Je m’appelle Jeanne M. je suis née sous Napoléon III en 1868 à Paris. J’ai quitté ce monde en 1956 , 88 ans c’est bien long.
Mon enfance et ma jeunesse se sont écoulées au sein d’une famille aimante et nombreuse, entourée de fréres et sœurs sur qui j’ai pu m’appuyer tout au long de ma vie. Des oncles, tantes et cousins à s’y perdre tant il y en a.
Enfance choyée, éducation stricte, ma famille est protestante, nous vivons tous notre foi au quotidien.
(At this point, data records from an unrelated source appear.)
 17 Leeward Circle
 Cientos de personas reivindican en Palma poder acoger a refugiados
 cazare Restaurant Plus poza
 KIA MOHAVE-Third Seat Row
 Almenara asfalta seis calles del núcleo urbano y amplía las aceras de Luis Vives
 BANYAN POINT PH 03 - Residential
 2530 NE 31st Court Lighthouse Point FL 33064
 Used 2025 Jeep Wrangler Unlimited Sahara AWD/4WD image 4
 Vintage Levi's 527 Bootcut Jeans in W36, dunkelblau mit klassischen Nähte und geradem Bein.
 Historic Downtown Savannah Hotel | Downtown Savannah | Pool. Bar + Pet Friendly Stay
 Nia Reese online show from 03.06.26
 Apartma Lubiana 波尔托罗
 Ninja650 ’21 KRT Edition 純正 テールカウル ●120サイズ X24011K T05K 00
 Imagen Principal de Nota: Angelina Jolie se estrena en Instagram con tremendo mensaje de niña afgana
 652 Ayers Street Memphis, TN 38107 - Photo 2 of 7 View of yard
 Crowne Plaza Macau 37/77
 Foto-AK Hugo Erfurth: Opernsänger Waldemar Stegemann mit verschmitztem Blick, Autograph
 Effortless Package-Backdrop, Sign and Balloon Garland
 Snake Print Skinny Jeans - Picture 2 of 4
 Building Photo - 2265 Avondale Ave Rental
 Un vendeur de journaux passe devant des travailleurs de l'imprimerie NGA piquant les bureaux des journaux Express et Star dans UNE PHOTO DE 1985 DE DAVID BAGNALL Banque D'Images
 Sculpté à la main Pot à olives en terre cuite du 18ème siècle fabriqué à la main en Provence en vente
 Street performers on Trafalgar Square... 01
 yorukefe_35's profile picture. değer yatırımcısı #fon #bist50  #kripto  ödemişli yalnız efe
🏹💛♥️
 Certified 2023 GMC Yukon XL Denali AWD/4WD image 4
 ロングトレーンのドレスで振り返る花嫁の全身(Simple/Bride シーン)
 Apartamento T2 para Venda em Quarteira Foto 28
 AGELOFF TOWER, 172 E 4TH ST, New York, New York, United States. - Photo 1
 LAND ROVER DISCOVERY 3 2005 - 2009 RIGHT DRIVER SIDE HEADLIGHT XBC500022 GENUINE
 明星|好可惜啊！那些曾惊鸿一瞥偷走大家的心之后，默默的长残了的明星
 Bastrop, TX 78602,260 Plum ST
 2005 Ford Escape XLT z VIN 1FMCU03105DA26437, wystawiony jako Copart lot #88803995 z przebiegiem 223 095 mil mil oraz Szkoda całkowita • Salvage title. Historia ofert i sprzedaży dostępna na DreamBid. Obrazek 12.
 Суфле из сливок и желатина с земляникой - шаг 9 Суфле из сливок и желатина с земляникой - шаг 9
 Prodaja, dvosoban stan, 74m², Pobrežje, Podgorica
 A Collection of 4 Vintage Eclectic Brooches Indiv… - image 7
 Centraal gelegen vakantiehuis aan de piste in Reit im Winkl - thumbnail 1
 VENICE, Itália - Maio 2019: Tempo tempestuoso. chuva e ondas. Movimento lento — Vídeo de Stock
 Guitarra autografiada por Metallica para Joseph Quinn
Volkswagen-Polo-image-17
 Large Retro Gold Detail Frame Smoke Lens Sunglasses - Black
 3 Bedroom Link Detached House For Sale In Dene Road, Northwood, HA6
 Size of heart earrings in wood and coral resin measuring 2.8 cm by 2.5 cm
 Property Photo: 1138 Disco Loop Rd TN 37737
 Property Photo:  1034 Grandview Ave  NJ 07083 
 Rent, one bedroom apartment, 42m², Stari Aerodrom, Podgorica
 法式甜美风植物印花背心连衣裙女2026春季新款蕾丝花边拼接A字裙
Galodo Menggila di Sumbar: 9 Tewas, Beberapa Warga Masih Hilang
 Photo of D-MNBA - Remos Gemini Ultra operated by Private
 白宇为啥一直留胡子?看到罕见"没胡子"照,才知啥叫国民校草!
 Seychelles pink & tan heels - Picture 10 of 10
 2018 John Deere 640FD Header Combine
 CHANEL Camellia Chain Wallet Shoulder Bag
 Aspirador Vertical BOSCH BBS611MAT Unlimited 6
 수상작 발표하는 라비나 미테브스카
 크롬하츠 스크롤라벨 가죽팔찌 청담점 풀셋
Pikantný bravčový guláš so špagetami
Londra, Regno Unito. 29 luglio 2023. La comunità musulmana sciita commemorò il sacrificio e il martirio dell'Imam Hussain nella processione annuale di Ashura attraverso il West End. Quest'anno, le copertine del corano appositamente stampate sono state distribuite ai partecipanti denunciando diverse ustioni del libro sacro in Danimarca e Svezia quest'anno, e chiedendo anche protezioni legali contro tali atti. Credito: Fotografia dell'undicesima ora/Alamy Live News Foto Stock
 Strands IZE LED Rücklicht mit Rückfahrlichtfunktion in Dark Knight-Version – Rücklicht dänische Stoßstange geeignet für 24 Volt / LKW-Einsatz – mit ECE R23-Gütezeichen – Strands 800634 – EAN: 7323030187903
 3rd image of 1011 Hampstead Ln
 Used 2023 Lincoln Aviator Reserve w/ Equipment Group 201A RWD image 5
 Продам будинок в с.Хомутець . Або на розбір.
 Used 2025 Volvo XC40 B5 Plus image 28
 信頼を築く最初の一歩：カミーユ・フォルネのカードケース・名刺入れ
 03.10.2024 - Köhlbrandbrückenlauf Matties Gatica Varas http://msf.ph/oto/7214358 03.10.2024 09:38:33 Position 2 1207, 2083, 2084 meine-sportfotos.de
Les oncles pasteurs y veillent.
J’ai la grande chance de vivre dans un milieu aisé où les études tiennent une grande place, surtout pour les garçons. Suis-je une jolie fillette? on ne me l'a jamais dit, mais je sais trés bien me moquer des travers des uns et des autres, c'est "une marque de fabrique" chez nous et elle perdure au fil des générations.
Aînée de 8 enfants, précepteurs et gouvernantes ont parfois bien du mal à canaliser notre joie de vivre. Les valeurs essentielles nous sont enseignées à toutes occasions et gare à celui qui ne finira pas son assiette il se la verra resservir à chaque repas jusqu’à ce qu’elle soit vide.
La guerre de 1870 nous a permis de goûter à des mets « délicieux » tels que chats et rats, depuis cette époque douloureuse j’ai toujours mangé de bon appétit quoique l’on me présente dans mon assiette.
Nombre de drames ont ponctués ma longue vie, mon enfance et ma jeunesse heureuses m’ont aidé à supporter de grands chagrins. Durant ces sombres journées de guere papa revenait de l'hôpital recouvert de sang, il avait opéré de longues heures et son visage portait les marques de fatigues et de tristesse.
De là où je suis je constate avec joie que ma descendance entretient toujours le souvenir vivace de ma famille, je ne comprends pas du tout cette nouvelle manière d’écrire, moi qui ai tant écrit à l’encre violette à ma fille et mon fils, mais j’entrevois bien la finalité de ce qu’entreprend à ce jour mon arrière petite-fille. Laisser une trace à sa descendance, matérialiser des anecdotes en remplaçant l’oral par l’écrit. Pour eux je vais remuer des souvenirs plus souvent douloureux que joyeux, mais aussi des petits riens qui ont fait ma vie.
J’ai assisté aux funérailles nationales de Victor Hugo en 1885, ce jour là le Paris du baron Haussmann était tout drapé de noir et les rues recouvertes de paille pour amortir le bruit des voitures à cheval.
Un soir d’été mes fréres et moi sommes partis en vélo sur la place de l’Etoile nouvellement inaugurée par Napoléon III, ces chenapans se sont cachés et m’ont laissé seule au milieu d’une circulation infernale, des claquements de fouets des cochers, imaginez la frayeur d’une fillette à cette époque, ce fut presque l’aventure de ma vie, je m’en souviens d’ailleurs comme si c’était hier.